Another important aspect is the transparency and interpretability of the results. The pipeline framework [9] focuses on the extraction of feature sentences for the purpose of providing interpretability to Similar Case Matching. Extracting them through Deep Learning technologies can make the output difficult to interpret for non-AI experts.

Data

The dataset used for these experiments was retrieved from a public online platform [10] for the consultation of Italian legal documents. The collection is a sample downloaded from the platform that contains legal judgments (i.e. Sentenze) of the first and second instance from the labor section (i.e. Sezione Lavoro), each entry is described with the following attributes: filename, Court of jurisdiction, section (i.e. Sezione), labels (i.e. Voci), judgment identifier (Code and Year), NRG (Code and Year, with which each case is associated) and type (first-or second-instance). Sezione and Voci describe the area to which the legal judgment belongs, the former describing the macro-area and the latter the sub-area in which the related legal case lies.

A total of 5059 legal judgments were extracted, labeled with the 8 most populated Voci (Figure 1) and having the decisions paragraph well defined and separated from the facts paragraph of the document. Though the data sample is not totally random, the possible bias introduced doesn't compromise the outcome of the experiments to the best of our knowledge. It has been observed that in first-and second-instance legal judgments the structure of the document is not standard. Moreover, facts and decisions paragraphs may be combined in a single paragraph of the judgments file and therefore these were discarded in order to treat the two parts of the document separately properly.

Modus Operandi Analysis

In order to draw inspiration from the legal domain experts' modus operandi for reading and comparing legal judgments, we proceeded by conducting a process analysis performed by two lawyers. They read two judgments together and commented aloud on them by referring to relevant and irrelevant information in the document to determine whether the two judgments are similar or not similar. This step aimed to intercept the sequence of operations, reasoning, and weights that are given to the components of legal judgments in order to bring out the domain know-how and methodologies in the workload. Our assumption (and proposal) is that the process of reading and comparing can be generalized into an algorithmic form, in this way it can be automated to provide daily support. The manual process took about 1 hour, and we expect that the automated system can be faster, bringing organizational benefits.

Reading of the judgment

Having specified the context-based similarity criterion, the lawyers began reading one judgment at a time. The focus initially fell on Sezione, matter, and Court grade (first-instance, second-instance (or Appeal), or Supreme Court). Afterward, they read the parts of the legal judgment paying attention to the presence of institutions; careful attention should be paid to the fact that judgments are often anonymized in respect of privacy. Thereafter, they carefully read all paragraphs of the document (e.g. facts, decisions, PQM -i.e. an Italian acronym used to introduce the decision, etc.). The first part of the facts and decisions paragraphs was of particular relevance in defining, in a coarse-grained manner, the domain of the case on which the legal procedure was applied. Lawyers pointed out that the legislation and case law cited would require extensive knowledge that in some cases may require consulting the rules and maxims for a greater understanding.

Comparing two judgments

Once the accurate reading of the judgments was completed, they proceeded by comparing the information found in the judgments so as to define whether or not they were similar. In particular, it was noted how Sezione and Voci are of paramount importance in constrainingly defining the context within which the judgments fall. If Sezione and matter are different, then the judgments are by their nature different from each other. Subsequently, the focus was on the first part of facts, which define the specific scope of the case, and decisions, which define the legal procedure applied to the specific situation described in the facts.

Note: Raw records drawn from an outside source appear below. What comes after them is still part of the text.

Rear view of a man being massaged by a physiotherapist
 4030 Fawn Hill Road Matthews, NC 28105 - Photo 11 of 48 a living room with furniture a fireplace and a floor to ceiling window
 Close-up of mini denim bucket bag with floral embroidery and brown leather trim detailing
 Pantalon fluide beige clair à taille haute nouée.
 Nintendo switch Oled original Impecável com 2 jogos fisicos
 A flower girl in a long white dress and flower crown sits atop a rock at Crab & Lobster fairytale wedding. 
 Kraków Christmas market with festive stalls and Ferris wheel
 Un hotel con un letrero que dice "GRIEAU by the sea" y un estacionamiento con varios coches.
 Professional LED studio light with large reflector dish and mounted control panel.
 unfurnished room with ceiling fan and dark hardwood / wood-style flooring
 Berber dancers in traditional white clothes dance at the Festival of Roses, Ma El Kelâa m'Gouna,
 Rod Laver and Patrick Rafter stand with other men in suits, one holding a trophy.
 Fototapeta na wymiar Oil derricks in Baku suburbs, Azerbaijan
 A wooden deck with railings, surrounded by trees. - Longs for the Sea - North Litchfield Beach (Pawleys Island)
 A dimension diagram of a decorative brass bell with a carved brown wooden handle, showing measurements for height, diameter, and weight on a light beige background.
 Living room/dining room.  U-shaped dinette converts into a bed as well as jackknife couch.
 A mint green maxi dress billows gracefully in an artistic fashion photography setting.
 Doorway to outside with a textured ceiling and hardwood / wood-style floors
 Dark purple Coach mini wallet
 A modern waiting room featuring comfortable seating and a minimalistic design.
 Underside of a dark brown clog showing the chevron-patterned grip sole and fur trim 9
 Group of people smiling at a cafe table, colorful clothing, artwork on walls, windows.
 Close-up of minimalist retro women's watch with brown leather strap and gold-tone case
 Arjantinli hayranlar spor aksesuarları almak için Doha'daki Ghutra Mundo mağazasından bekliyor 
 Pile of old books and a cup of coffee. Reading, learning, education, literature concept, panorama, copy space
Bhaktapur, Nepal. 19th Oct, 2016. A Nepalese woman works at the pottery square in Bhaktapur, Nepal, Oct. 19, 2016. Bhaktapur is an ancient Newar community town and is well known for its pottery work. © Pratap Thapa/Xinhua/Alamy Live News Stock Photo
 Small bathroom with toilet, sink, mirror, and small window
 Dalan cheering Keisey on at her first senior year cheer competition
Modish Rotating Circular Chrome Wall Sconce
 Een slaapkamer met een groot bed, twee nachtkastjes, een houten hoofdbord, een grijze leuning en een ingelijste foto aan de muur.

The discussion with the lawyers revealed that, depending on the search criteria, it is useful to analyze the facts, if one wants to look for similar situations, and/or the decisions if one wants to give more importance to the legislation and case law cited. Since the second-instance judgments contain information related to the first-instance, which would influence the comparison without introducing additional relevant information, it was preferred to consider only the first part of the decisions that contains information of greater importance to define the legislation and case law applied that allow defining the topic and field.

Augmented Reading and Comparison Pipeline

The modus operandi of domain experts led us to the implementation of a pipeline (Figure 2) with the purpose of translating the process of reading and comparing judgments into a generalized algorithmic form. Taking into consideration the scalability of our solution, we propose a modular pipeline, whose steps are somewhat independent and can be computed separately, storing partial results in JSON or CSV format. This methodology allows a single calculation that results in a final matrix of similarity scores that allows the data to be queried with linear complexity in the number n of legal judgments in order to retrieve the m most similar documents given a judgment.

The pipeline consists of three modules (as shown in Table 1): classification comparison, decision-based similarity and citation overlap calculation, followed by the calculation of the similarity score according to the outputs of the previous steps. Given all the sentences in the dataset, each step produces in output a matrix that will contribute to the calculation of the last matrix containing the total similarity scores.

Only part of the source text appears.